In my recent post, regarding the two homes in Saugus, I mentioned that both homes did not have any Mello Roos. The question was asked to me, “…What are Mello Roos?” Forgetting that readers across the country may not know what this is, I did not take the time to explain.
Mello Roos are special assement taxes, usually found in newer neighborhoods. Where I live, Santa Clarita, they are very common, largely because there is a significant amount of new housing here. In the San Fernando Valley, they don’t exist, because The Valley is already established with neighborhoods such as Studio City, Sherman Oaks and North Hollywood.

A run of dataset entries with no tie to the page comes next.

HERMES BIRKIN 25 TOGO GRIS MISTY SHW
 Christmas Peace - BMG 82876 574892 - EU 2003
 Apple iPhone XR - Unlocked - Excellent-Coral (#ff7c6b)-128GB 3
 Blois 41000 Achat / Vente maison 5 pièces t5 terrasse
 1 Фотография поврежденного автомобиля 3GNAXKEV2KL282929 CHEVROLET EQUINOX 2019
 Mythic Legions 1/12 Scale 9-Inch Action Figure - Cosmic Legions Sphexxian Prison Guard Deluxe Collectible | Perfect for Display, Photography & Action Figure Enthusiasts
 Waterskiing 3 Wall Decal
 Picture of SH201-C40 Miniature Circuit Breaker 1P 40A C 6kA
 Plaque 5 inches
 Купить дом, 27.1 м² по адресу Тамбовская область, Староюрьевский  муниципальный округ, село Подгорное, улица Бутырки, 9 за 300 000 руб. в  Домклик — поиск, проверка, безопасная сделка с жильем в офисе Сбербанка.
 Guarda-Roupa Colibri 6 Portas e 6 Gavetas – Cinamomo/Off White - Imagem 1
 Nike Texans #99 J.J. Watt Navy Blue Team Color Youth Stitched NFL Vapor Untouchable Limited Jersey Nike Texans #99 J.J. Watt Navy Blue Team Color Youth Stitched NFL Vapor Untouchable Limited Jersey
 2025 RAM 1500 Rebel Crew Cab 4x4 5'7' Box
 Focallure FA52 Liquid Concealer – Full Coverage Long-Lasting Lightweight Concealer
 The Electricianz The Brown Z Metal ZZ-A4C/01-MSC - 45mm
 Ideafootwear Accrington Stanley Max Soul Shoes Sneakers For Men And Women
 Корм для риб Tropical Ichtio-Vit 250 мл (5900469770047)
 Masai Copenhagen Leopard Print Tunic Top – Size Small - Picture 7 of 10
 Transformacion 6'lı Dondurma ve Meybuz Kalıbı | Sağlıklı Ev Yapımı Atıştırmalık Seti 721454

In California, Prop 13 dictates, property taxes are based on 1% of the purchase price of your home. Then each county charges their own additional tax to be tagged on to that 1%. In Los Angeles County that roughly works out to be ¼ % extra. However, if you are shopping for a new house in Valencia or Westridge (both neighborhoods in Santa Clarita), a Mello Roos tax is added on to the 1.25%. The Mello Roos is usually a school and/or police bond that the builder did not pay off and is passing that cost onto the homebuyer. That bond usually lasts for about 20-30 years, or until it are paid off. For example, a large luxury newer home in the master planned community, Tesoro del Velle, will cost approx. $950,000. The base property tax, plus the Mello Roos works out to be about 1.7%, that equals to about $16,000 per year.
Now historically, it has been proven in areas with a Mello Roos tax, these neighborhoods are most desirable. They have the lowest crime rate and the best schools. Santa Clarita is not the only city that has them. Many cities in Orange County, San Diego and Palm Springs have Mello Roos. No one likes to pay them, but they produce good quality neighborhoods.